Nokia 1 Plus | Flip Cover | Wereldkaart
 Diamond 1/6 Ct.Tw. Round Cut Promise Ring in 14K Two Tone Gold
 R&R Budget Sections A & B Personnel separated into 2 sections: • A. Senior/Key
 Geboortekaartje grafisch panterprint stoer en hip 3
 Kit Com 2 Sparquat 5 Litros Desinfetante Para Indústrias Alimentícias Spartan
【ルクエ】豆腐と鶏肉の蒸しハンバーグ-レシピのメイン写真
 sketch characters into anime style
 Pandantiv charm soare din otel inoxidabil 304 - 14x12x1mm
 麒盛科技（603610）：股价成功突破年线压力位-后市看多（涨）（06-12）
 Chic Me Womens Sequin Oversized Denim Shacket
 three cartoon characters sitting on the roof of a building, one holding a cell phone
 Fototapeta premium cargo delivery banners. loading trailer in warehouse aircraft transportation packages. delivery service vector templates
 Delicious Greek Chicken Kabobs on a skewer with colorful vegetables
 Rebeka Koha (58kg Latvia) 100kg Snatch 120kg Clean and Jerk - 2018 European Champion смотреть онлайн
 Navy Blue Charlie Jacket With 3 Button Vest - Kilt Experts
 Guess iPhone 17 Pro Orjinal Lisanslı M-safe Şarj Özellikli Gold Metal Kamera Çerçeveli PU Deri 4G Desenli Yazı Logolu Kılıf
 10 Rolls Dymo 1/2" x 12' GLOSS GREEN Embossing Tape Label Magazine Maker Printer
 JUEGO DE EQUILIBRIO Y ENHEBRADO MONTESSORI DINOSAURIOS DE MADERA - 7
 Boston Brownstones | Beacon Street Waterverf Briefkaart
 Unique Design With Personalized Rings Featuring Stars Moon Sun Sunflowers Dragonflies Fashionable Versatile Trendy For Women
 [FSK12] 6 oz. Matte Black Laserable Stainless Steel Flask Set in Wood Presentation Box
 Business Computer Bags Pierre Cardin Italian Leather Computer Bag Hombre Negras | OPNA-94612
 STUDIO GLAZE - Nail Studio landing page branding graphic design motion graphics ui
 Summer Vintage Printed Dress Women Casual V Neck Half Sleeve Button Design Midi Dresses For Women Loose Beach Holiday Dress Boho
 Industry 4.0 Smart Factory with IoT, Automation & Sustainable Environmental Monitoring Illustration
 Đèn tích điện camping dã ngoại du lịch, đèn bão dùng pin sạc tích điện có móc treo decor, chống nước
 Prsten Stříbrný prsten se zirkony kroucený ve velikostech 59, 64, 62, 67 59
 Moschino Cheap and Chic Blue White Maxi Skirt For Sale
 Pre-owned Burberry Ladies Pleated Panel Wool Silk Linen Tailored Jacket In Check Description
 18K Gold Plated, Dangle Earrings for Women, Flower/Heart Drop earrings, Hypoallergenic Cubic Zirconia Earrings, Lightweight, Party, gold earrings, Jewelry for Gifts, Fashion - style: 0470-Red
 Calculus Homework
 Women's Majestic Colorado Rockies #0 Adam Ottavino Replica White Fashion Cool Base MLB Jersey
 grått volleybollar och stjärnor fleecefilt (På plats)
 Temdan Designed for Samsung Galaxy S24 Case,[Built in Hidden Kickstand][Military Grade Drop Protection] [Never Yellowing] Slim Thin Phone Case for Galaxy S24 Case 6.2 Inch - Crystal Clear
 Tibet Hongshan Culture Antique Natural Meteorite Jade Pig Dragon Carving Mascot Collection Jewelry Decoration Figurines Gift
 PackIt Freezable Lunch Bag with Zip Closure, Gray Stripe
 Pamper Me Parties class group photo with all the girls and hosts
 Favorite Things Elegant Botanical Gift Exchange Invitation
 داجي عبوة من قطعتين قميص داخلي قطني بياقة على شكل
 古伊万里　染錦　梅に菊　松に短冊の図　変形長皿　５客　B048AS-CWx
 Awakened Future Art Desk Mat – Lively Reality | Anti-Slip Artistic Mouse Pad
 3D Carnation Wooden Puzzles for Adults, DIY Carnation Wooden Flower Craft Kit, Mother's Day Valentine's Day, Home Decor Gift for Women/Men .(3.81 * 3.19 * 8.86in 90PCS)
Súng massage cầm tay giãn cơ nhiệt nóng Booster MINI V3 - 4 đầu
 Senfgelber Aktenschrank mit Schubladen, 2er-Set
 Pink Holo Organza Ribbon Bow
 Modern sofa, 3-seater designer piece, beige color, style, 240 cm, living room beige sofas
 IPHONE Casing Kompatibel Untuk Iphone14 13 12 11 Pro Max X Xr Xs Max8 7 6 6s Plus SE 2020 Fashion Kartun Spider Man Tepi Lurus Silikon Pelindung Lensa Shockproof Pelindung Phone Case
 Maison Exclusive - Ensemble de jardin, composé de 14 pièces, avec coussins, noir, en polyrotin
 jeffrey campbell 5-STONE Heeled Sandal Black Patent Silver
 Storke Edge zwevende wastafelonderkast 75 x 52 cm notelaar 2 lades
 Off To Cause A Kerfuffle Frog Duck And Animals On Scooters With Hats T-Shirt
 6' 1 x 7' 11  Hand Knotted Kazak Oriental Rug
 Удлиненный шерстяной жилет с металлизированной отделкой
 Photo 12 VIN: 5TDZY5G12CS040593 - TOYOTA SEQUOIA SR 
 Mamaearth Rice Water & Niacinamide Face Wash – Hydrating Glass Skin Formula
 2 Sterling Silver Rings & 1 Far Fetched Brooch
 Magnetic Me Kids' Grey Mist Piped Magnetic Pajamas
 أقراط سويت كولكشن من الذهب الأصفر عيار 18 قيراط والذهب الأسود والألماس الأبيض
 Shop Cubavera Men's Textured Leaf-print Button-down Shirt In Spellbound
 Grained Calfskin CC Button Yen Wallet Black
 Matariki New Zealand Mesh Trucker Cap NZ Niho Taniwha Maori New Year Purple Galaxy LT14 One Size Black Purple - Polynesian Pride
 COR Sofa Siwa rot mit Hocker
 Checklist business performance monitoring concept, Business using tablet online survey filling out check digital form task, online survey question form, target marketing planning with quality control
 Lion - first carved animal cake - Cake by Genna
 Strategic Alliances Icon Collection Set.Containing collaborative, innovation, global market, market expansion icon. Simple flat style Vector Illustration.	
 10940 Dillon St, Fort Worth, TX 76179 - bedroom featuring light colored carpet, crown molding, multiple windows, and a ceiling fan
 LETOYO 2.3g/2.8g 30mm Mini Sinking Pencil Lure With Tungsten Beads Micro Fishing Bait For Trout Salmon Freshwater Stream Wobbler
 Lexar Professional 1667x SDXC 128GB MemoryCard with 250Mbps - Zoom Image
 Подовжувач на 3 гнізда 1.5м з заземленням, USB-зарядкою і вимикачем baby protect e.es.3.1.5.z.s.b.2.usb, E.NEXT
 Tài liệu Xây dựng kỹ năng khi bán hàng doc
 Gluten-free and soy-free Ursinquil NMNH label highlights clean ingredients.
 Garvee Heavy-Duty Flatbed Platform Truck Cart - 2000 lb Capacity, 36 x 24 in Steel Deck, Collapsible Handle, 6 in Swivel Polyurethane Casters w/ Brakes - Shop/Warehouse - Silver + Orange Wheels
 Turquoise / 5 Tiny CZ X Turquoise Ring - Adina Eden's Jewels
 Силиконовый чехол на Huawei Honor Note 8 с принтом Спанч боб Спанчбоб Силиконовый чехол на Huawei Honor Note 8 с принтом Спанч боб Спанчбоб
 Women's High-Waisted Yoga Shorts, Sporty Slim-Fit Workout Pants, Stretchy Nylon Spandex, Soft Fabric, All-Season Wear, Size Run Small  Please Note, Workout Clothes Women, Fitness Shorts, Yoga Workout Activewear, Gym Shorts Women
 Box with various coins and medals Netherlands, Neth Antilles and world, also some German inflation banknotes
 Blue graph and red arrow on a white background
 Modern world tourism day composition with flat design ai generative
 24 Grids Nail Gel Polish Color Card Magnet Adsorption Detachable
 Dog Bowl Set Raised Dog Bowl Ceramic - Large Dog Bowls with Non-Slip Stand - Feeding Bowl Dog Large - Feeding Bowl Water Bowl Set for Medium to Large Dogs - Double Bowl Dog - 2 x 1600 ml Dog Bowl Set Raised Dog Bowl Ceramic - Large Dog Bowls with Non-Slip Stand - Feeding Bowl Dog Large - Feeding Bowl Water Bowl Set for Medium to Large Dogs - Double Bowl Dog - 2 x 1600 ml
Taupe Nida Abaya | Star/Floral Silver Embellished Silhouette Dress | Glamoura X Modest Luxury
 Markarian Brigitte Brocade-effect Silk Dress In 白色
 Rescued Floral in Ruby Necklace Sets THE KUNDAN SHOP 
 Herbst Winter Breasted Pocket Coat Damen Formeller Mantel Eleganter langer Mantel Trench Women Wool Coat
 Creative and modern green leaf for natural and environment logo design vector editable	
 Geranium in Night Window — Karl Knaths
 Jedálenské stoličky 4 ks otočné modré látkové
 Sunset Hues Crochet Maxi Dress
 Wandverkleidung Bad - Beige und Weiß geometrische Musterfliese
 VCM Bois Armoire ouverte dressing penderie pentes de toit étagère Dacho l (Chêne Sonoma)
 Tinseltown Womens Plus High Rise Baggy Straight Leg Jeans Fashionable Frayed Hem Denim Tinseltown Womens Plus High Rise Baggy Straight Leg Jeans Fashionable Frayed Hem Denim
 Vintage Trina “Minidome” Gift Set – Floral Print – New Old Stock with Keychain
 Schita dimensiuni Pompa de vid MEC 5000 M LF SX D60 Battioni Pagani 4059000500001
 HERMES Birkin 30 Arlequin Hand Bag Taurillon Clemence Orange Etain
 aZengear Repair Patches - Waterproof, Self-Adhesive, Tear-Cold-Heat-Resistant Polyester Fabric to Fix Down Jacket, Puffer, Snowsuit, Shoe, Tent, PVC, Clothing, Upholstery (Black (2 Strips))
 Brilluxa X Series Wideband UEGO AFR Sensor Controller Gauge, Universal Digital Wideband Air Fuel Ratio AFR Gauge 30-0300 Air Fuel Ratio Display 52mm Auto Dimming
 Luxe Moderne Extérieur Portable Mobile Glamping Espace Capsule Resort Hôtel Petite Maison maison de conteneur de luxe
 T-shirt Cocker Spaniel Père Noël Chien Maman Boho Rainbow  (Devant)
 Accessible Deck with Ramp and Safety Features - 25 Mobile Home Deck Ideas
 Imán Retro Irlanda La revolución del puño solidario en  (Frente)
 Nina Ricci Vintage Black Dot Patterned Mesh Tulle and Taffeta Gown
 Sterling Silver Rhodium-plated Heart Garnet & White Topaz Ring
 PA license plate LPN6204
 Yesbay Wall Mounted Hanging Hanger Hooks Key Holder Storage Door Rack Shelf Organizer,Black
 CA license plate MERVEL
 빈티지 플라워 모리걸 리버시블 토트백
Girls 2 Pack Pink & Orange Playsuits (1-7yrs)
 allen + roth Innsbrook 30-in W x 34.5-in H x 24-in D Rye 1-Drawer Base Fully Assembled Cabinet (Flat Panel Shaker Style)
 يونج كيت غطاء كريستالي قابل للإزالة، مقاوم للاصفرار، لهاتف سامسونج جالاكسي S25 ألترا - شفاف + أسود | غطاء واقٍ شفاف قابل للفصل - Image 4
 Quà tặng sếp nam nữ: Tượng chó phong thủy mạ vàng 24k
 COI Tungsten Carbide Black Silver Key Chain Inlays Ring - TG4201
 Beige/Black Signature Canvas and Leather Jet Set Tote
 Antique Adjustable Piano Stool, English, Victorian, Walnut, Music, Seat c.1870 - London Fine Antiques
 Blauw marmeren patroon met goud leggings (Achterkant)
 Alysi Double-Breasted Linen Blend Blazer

════════════════

YOUR TASK:
Exactly the lines from the one containing "Yesbay Wall Mounted" through the end of the listing above, inclusive, are to be written out, and no others.

RESPONSE FOR THIS EXERCISE:
 Yesbay Wall Mounted Hanging Hanger Hooks Key Holder Storage Door Rack Shelf Organizer,Black
 CA license plate MERVEL
 빈티지 플라워 모리걸 리버시블 토트백
Girls 2 Pack Pink & Orange Playsuits (1-7yrs)
 allen + roth Innsbrook 30-in W x 34.5-in H x 24-in D Rye 1-Drawer Base Fully Assembled Cabinet (Flat Panel Shaker Style)
 يونج كيت غطاء كريستالي قابل للإزالة، مقاوم للاصفرار، لهاتف سامسونج جالاكسي S25 ألترا - شفاف + أسود | غطاء واقٍ شفاف قابل للفصل - Image 4
 Quà tặng sếp nam nữ: Tượng chó phong thủy mạ vàng 24k
 COI Tungsten Carbide Black Silver Key Chain Inlays Ring - TG4201
 Beige/Black Signature Canvas and Leather Jet Set Tote
 Antique Adjustable Piano Stool, English, Victorian, Walnut, Music, Seat c.1870 - London Fine Antiques
 Blauw marmeren patroon met goud leggings (Achterkant)
 Alysi Double-Breasted Linen Blend Blazer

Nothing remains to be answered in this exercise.